:: How to complete this task ::
Drop all images and give the records again exactly.

[Data extracts — start]

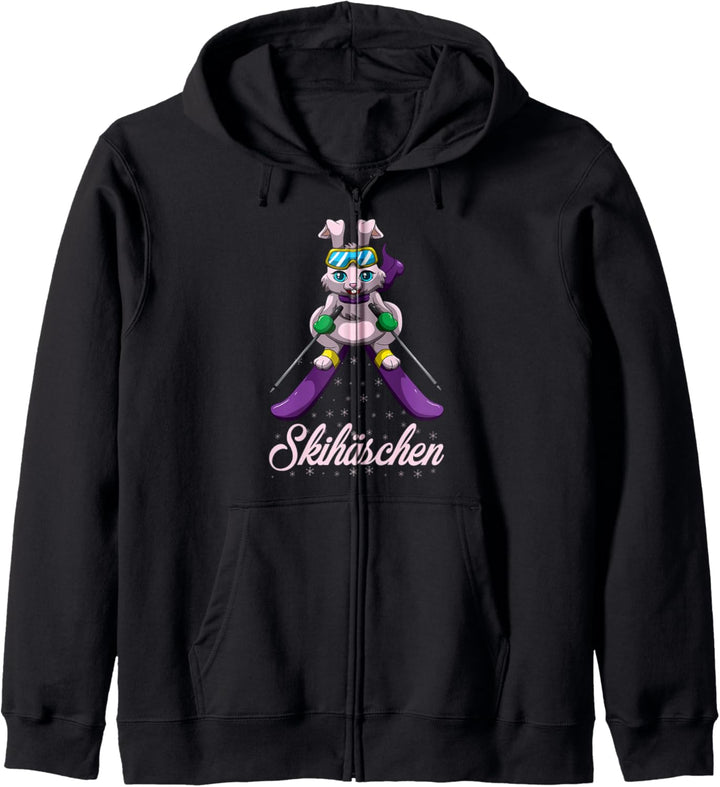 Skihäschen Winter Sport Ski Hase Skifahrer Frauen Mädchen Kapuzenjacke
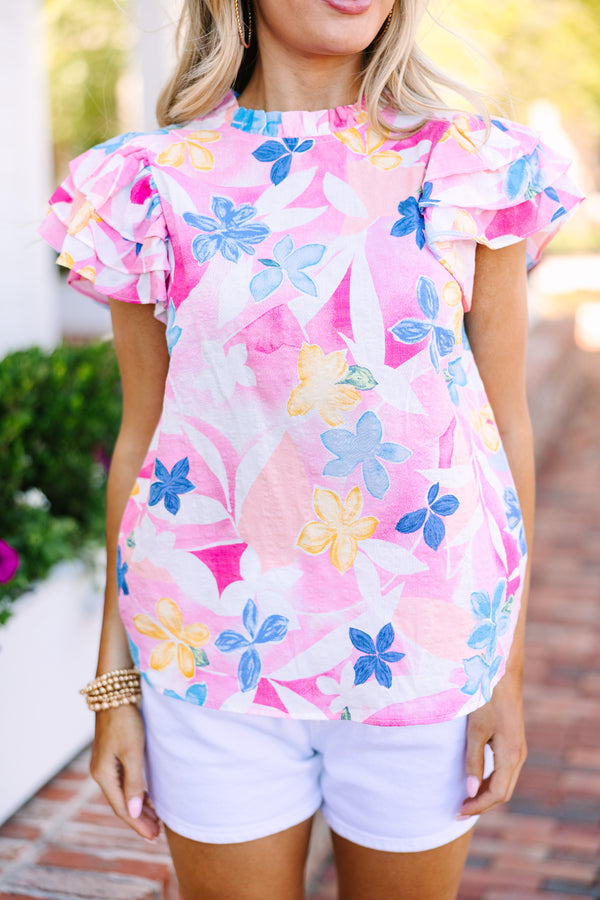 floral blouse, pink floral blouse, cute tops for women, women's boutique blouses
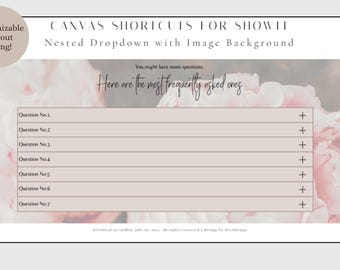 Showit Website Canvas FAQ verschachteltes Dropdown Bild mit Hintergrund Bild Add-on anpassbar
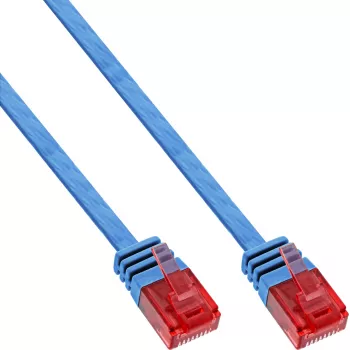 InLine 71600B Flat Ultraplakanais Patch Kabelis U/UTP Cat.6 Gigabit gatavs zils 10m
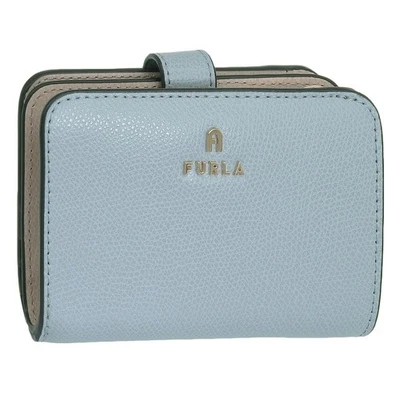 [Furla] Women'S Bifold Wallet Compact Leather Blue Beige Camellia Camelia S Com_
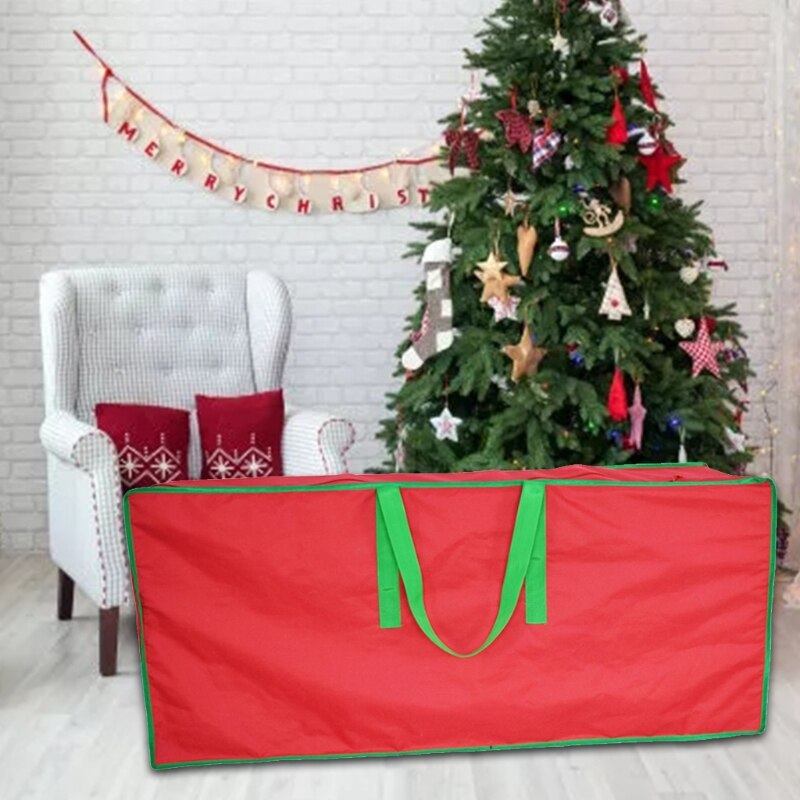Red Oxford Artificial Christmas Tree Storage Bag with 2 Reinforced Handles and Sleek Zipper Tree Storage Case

[Data extracts — finish]

:: Result below ::
 Skihäschen Winter Sport Ski Hase Skifahrer Frauen Mädchen Kapuzenjacke
 floral blouse, pink floral blouse, cute tops for women, women's boutique blouses
 Showit Website Canvas FAQ verschachteltes Dropdown Bild mit Hintergrund Bild Add-on anpassbar
 InLine 71600B Flat Ultraplakanais Patch Kabelis U/UTP Cat.6 Gigabit gatavs zils 10m
 [Furla] Women'S Bifold Wallet Compact Leather Blue Beige Camellia Camelia S Com_
Red Oxford Artificial Christmas Tree Storage Bag with 2 Reinforced Handles and Sleek Zipper Tree Storage Case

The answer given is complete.